Yea part of the golden age of the hobby as a whole. In WD after every battle report or conversion there were pages of bits with part numbers listing how you could make your army so much cooler than it already was.



lord of rebirth said:


> While there is some certain cost to having the space to hold all the bitz and then needing to stock all the bits then needing to pay people to pick orders and take phone calls in the end just telling people to buy full kits for replacement parts will lose them a lot more money.


The trolls are still there since they take mail order and answer rules queries.

Since they are making the box sets, they already have the bits. 

Take the Penitent Engine as above as an example. They make it for release so the bits are there, someone has to pack the bits in the plastic casing so the order pickers are there.

The days of being able to create custome Chaos Lords or big mutants or even mutants now they dont do the sprues is gone and I would like them back. Whats weird is that if I go to the GW site I can still get packs of meltaguns or plasma guns, shoulder pads for marines or even DE slave girls so why not the rest of the bits?


----------



## Jezlad (Oct 14, 2006)

:laugh:

This thread is hilarious. It's common practice for businesses to suggest you need a whole new product to make a simple replacement. 

I was out cruising in my Bentley last week when an orange smartie flipped up off the road and cracked the windscreen. The mechanic told me to get a replacement Bentley since they don't sell parts, a bargain at £225,000.


----------



## reubiedoo (Mar 21, 2009)

Jezlad - think that mechanic had been chewing too many orange smarties.


----------



## Cadian81st (Dec 24, 2006)

God, I miss the bitz service so much. I used to spend ages planning conversions with it, it was such a nice feature. Now we have...what, SM shoulderpads, SM weapons, SM heads, SM Torsos, SM codpieces, and DE babes in bikinis? Thanks GW! :laugh:


----------



## keytag33 (Apr 20, 2008)

The bitz service was great. I bought some marines off of a guy and he through in a rhino(mkI), I simply phoned GW and bought the bitz to make it into a whirlwind. It was great and damn easy too.

But now...I lost the end piece for my Cron Immortal's gun and to get a new one I have to buy an Immortal blister aaaargghh:angry::ireful2:

Bring back the bitz service I say.


----------



## MaidenManiac (Oct 2, 2008)

The "old mail order" was indeed awsome but also used an huge ammount of space. Thats the reason they dumped it. It costed alot to provide that service to the customers. 
I've worked at 2 diffrent sorts of big mail-order companies so far in life, you think that a few CD-records dont take that much space, but when the numbers hits 10000's of diffrent records it requires *ALOT* of space.
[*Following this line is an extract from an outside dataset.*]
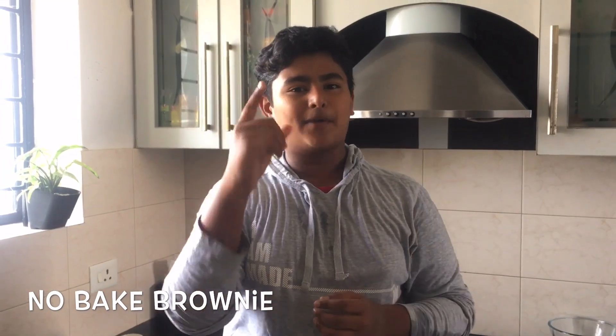Hey guys, welcome back to our health world. Today I'm back with a cooking video and I'll be making brownies. It's a really easy no-bake recipe and we only need a very few ingredients, so now I'll show you.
Even more so when you add the fact that those records need to be at levels that folks can access fairly easy, to allow them to be picked up by someone without requireing acrobatical feats:shok:
Making mail ordering profitable ain't just tossing up a few shelves and putting the bits/CDs/whatevers there, it requires alot more planing then one might think...
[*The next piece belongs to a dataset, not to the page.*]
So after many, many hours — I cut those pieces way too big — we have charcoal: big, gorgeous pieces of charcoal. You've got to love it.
As far as I know, and I have quite good reason to believe this is true, the majority stock holders deemed that the bits stock took way too much space and was ineffective. As I'm told there will pop out more and more "bitz bundles" over the years, but in a way thats not a total financial loss which the old system more or less was:scare:


----------



## Lord of Rebirth (Jun 7, 2008)

As much as I know a lot of people used the bitz service for all sorts of little things who misses it for the simple stuff like full sprues? I have a pair of old Chimeras and somehow a turret is missing but can I get the whole sprue to replace it? Nope. Also I ordered a pair of FW Mark something Predators and I figured they would send me a couple full pred kits then the nice turrets and instead I was left with only lascannon weapon sponson options and when I went to GW asking to order the sponson sprues they told me off.


----------



## reubiedoo (Mar 21, 2009)

I hate that it is gone - that catalogue was awesome. However, I sadly have to admit it makes business sense. Say for example one multi-part model has a really cool sword/ gun/ insert object here, and 3500 people order it for conversions for different characters and races, they are left with 3500 worthless kits if noone wants the other bitz. GW have to survive, but I hate that they stopped it. 
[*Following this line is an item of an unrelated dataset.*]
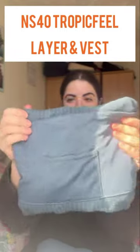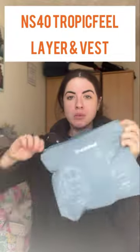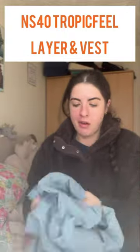I thought I would update you on the NS40 Tropic Feel layer and vest. In my review video I explained that the layer is self-packable but did not explain that the vest is also self-packable. Not gonna lie to you, I did not know this because I haven't had to pack away the vest as of yet.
And while 5000 people spending £3/4 on bitz is better than them spending nothing for the whole model they don't buy, but You have to remember GW have already payed for the production, and would rather they sit on the shelves and be sold slowly and cast in small batches (i.e. no waste) than have multitudes of incomplete models that have more than likely lost money.


----------



## Xabre (Dec 20, 2006)

Conversions used to be the reason I got into this game. pretty soon I hope to have pictures up of my Tzeentch army made entirely out of DA veteran robed bodies. I used to custom order characters by mixing and matching bits all over the place. Grey Knight terminator, Chaos head, power mace arm, a staff from Inquisitor, etc, etc. 

I scratch-built a Titan and got alot of use out of buying two Earthshaker sprues from the full IG kits. I wouldn't be able to recreate it without buy two full basilisks.

I have SIXTEEN dreadnoughts at home for my home-made codex. Some were core kits, others with FW arms, I had to buy special claws for some of them, extra flamers, sarcophagi covers...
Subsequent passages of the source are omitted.